*** MATERIAL PROVIDED ***

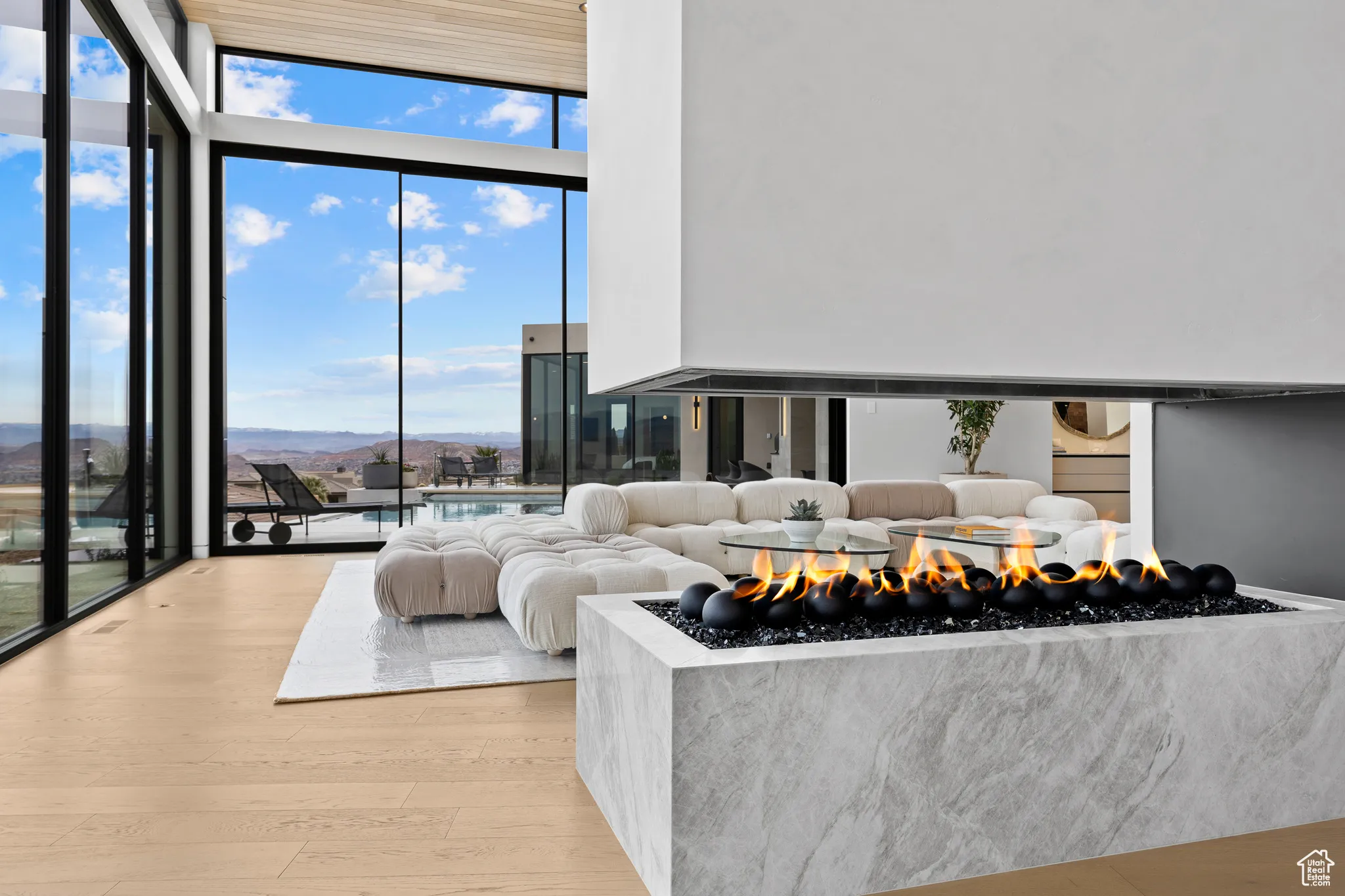 Living area with expansive windows, light wood finished floors, and a mountain view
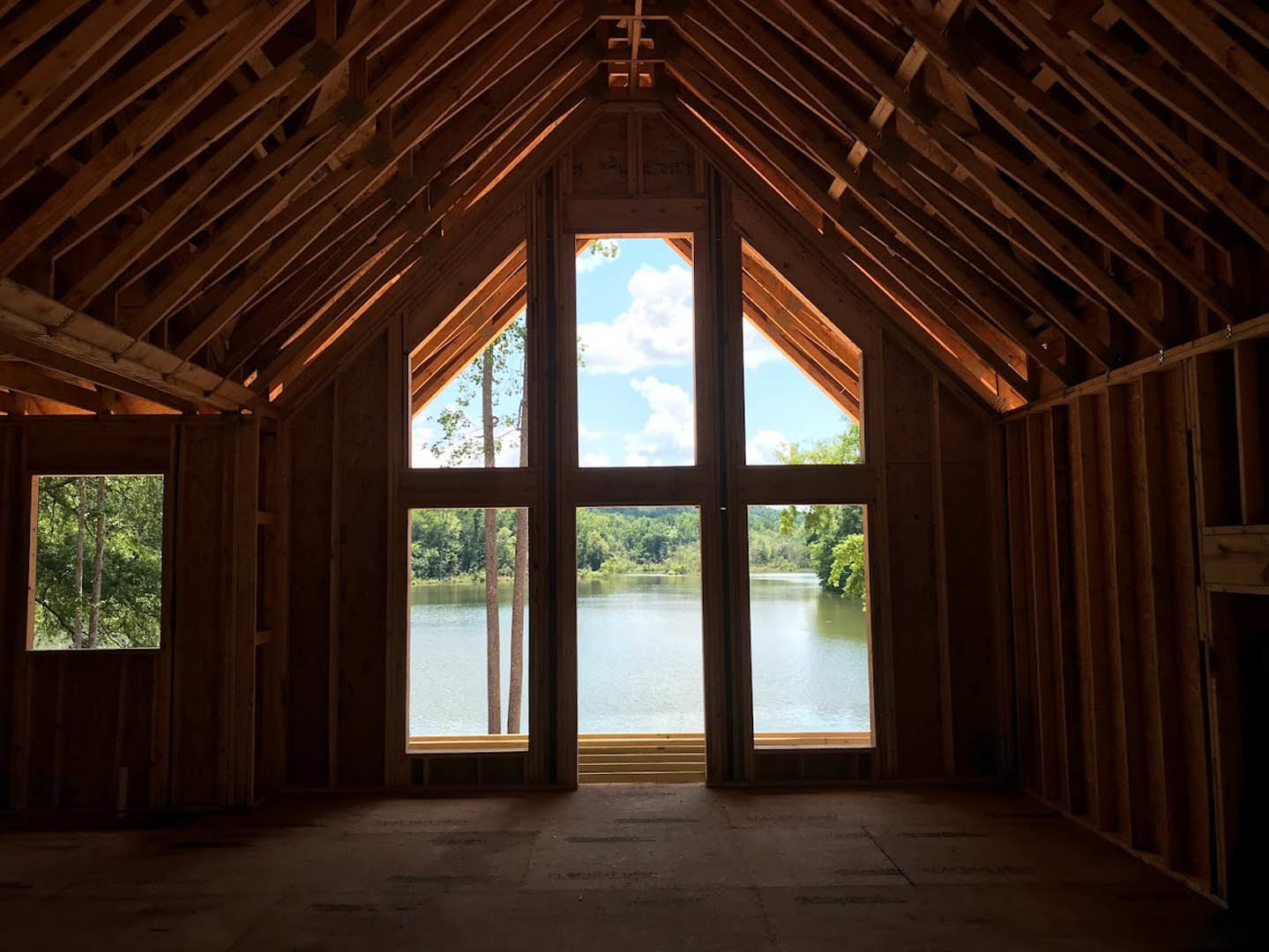 Living room with dark wood flooring, exposed ceiling beams, large windows overlooking a lake and surrounding trees under a blue sky.
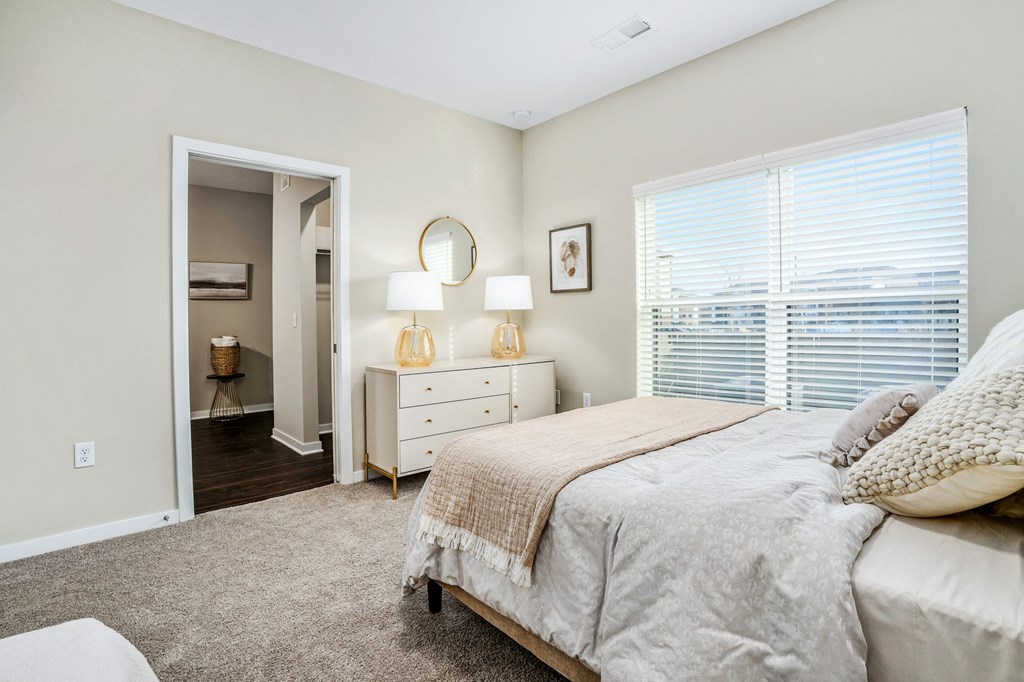 a bedroom with a bed and a large window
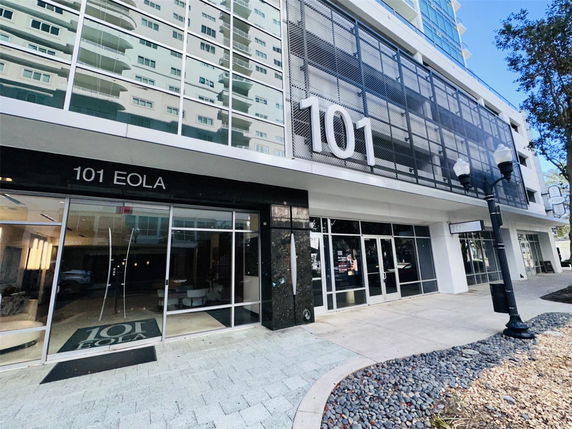 Front view of a building with a glass facade and the address number 101 displayed prominently.
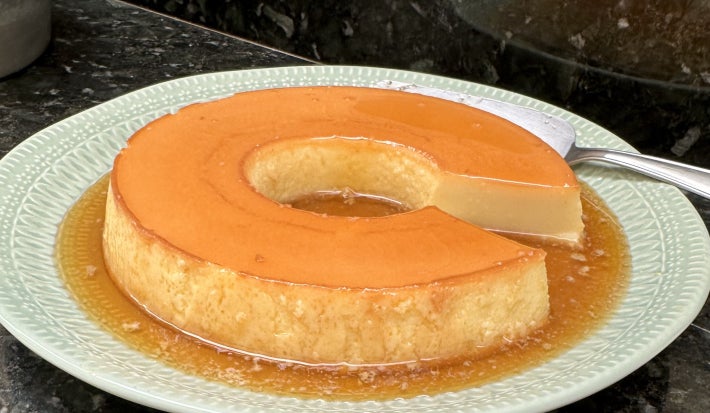 Imagem de um pudim lindo, com uma fatia faltando, sobre um prato verde claro e com a aparência de mais furadinho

*** End of MATERIAL PROVIDED ***

YOUR OBJECTIVE — The records are to be returned verbatim. Skip any picture they contain.

RESPONSE FOR THIS EXERCISE —
 Living area with expansive windows, light wood finished floors, and a mountain view
 Living room with dark wood flooring, exposed ceiling beams, large windows overlooking a lake and surrounding trees under a blue sky.
 a bedroom with a bed and a large window
 Front view of a building with a glass facade and the address number 101 displayed prominently.
 Imagem de um pudim lindo, com uma fatia faltando, sobre um prato verde claro e com a aparência de mais furadinho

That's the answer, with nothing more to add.